多くの企業からの期待が大きい健康医療領域

 それでは、こうしたフランスのイベントにおいて、どのようなスタートアップ企業に注目が集まっているのか。以下では、筆者が参加したHello Tomorrow Global Summit 2019におけるコンテスト「Hello Tomorrow Global Challenge」の例を見てみよう。今回は、全世界から応募があった約4500社のうち、80社がパリでの最終発表に登壇した。

 このGlobal Challengeで注目されるのが、健康医療領域への注目度の高さである。2019年開催版で主催者が提示した12領域のうち、健康医療関連が3分の1を占めた。具体的には、「デジタルヘルス」「ウェルビーイング」「グローバルヘルス」「産業バイオテク」である。それぞれカバー領域が近いようにも見えるが、これはテーマごとに協賛企業が決まっているから。この分野の企業が、世界中のユニークな研究テーマを求めていることがうかがえる。

 デジタルヘルスにはフランスのセルヴィエ、ウェルビーイングはフランスのロレアル、グローバルヘルスはドイツのバイエル薬品、産業バイオテクはオランダのDSMが、それぞれ協賛している。ちなみにセルヴィエは「WeHealth」、バイエル薬品は「G4A」と呼ぶオープンイノベーション・プログラムをそれぞれ推進しており、今回のイベントでも、社名と並んでこれらのプログラム名を前面に打ち出していた。

バイエル薬品は、同社のオープンイノベーションプログラム「G4A」をアピール(左のパネル)

 グローバル展示会での注目ポイントの1つは、日本国内では見えてこない世界各地の課題が見つかることである。象徴的なのが、デジタルヘルス部門を勝ち抜き、総合優勝したナイジェリアRxALLによる薬の真偽を判別するソリューション。同社は、薬の真偽を判別するための携帯型スキャナー「RxScanner I」を開発した。分子センサーで測定したデータをクラウドに送信、薬の成分分析をして真偽判断する。製薬企業にとっては、非正規の薬を排除することで売り上げを伸ばせる期待がある。

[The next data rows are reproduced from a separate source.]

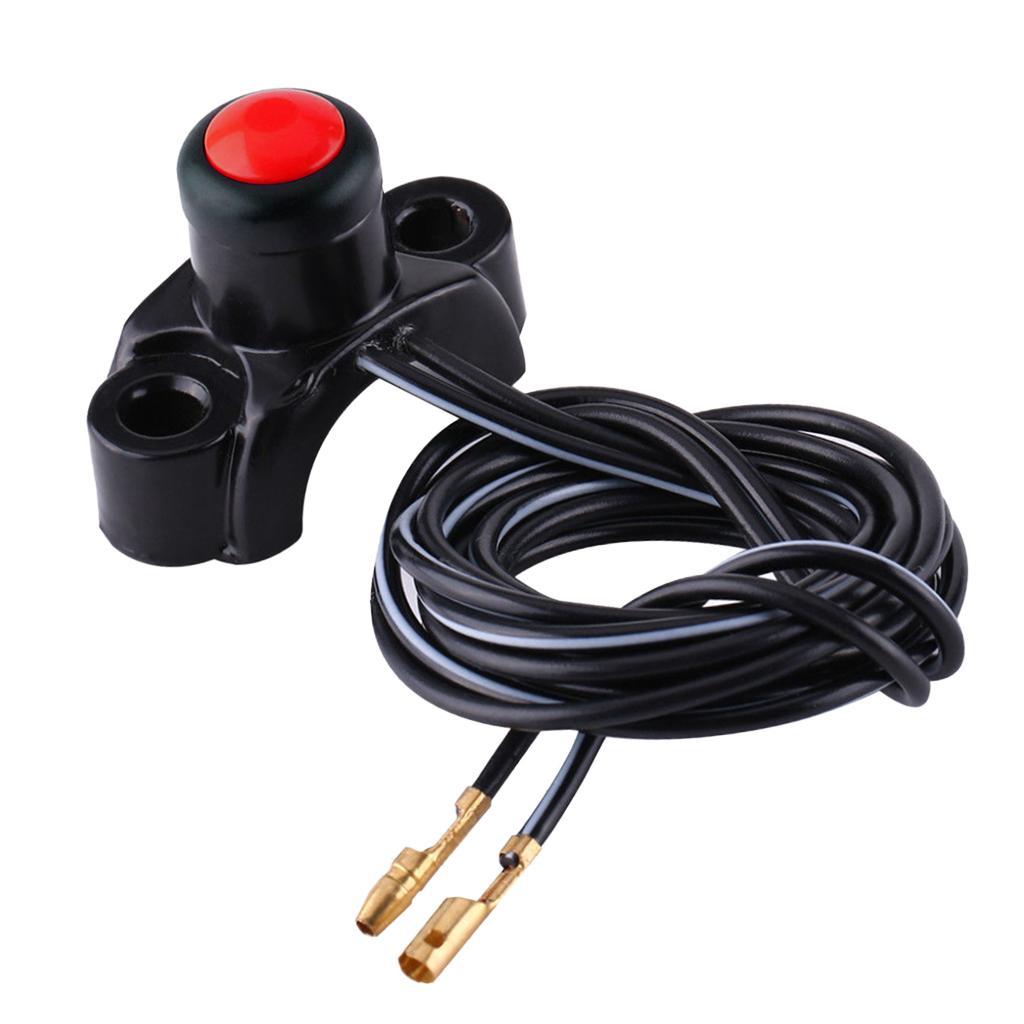 2pcs Motorcycle ATV 22mm Handlebar Engine Kill Stop Start Button Switches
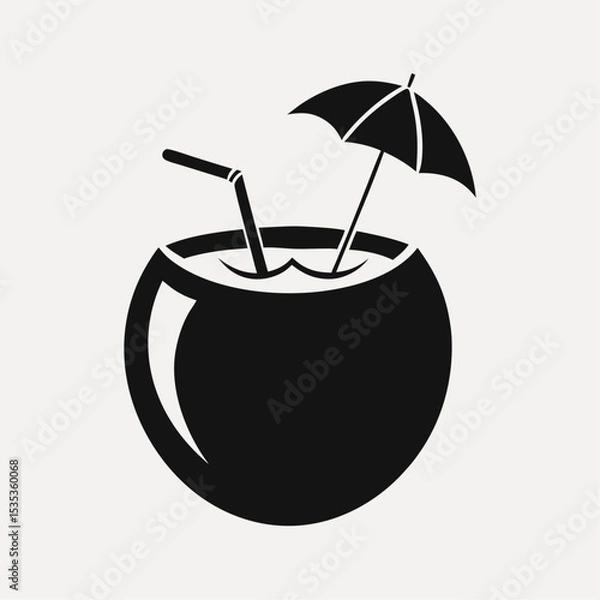 Obraz coconut cocktail on the beach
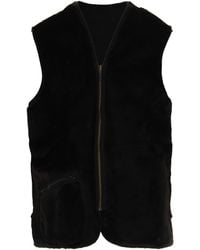 Barbour - Zip-Front Shearling Vest - Lyst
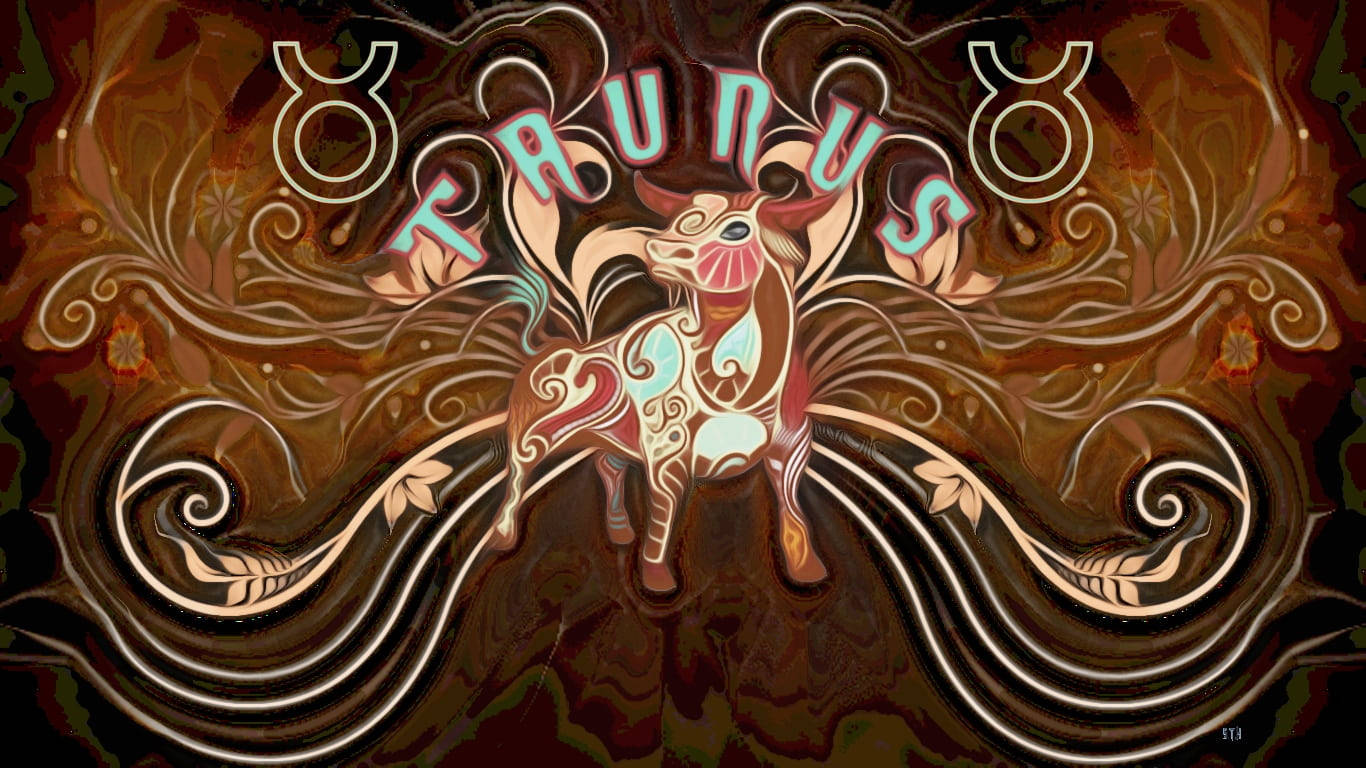 Taurus Tyren mesomellemamerikansk mandala Wallpaper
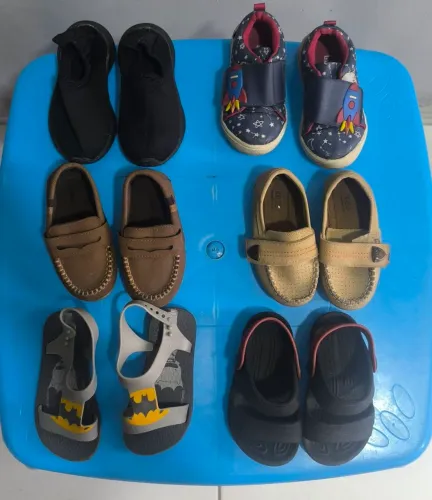 Lote calçado infanti menino - tamanho 21
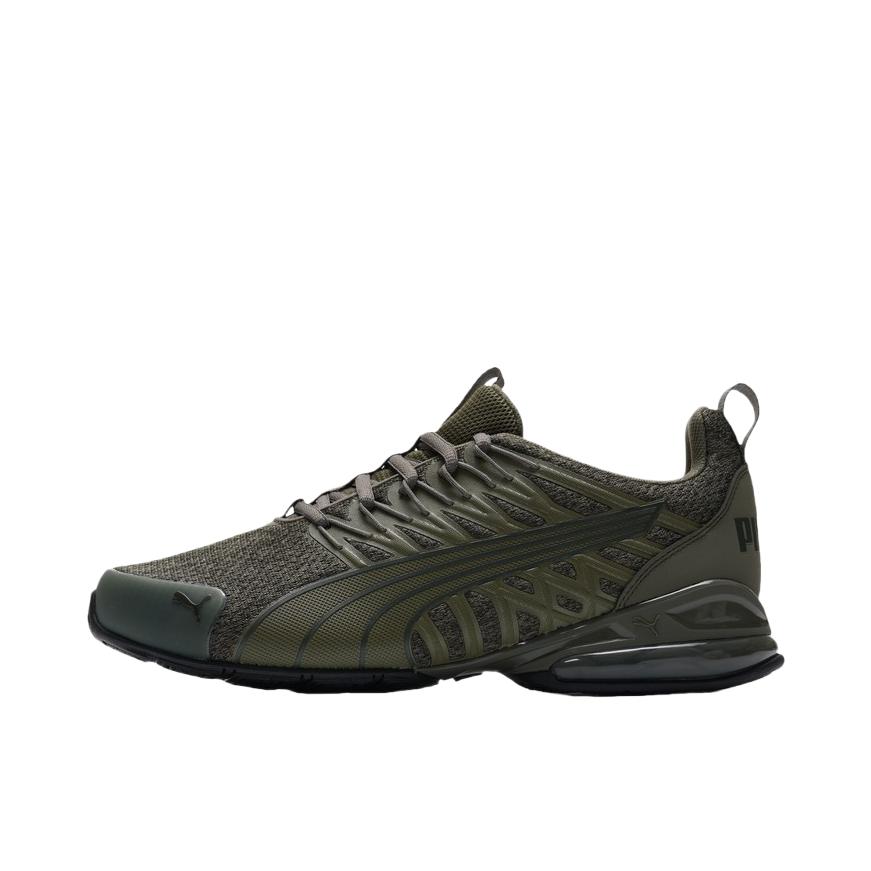 推荐商品：Puma/彪马 Voltaic Evo 耐磨减震 防滑轻便 透气网面 人造革 织物 跑鞋 墨绿色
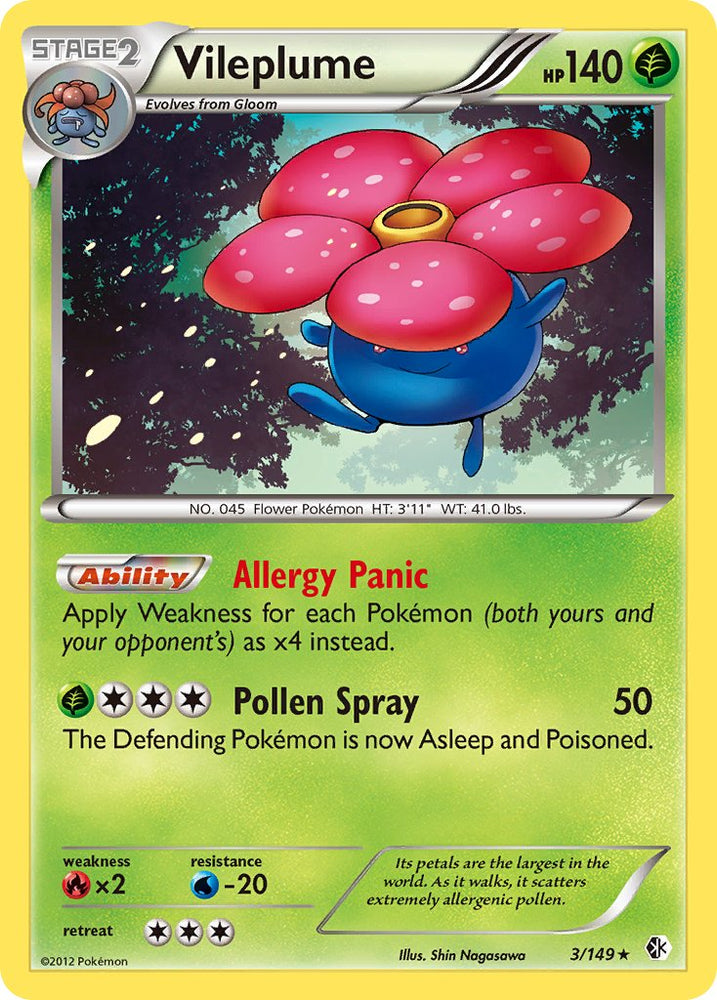 Vileplume (3/149) (Theme Deck Exclusive) [Black & White: Boundaries Crossed] Pokémon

 同社の創業者でCEO(最高経営責任者)を務めるAdebayo Alonge氏は「年間100万人もの人たちが、フェイクドラッグ(偽造薬)で命を落としている。我々のソリューションは、薬の真偽を簡単に見分けることにより、そうした人たちの命を救うものだ」という。彼らが注目した「薬の真偽」について、日本国内で話題になることは多くないが、地域によっては深刻な課題になっていることがうかがえる。RxALLは、カナダ、中国、ミャンマー、ケニア、ウガンダ、ガーナ、ナイジェリアで事業展開しており、こうした地域においては需要が大きいのだろう。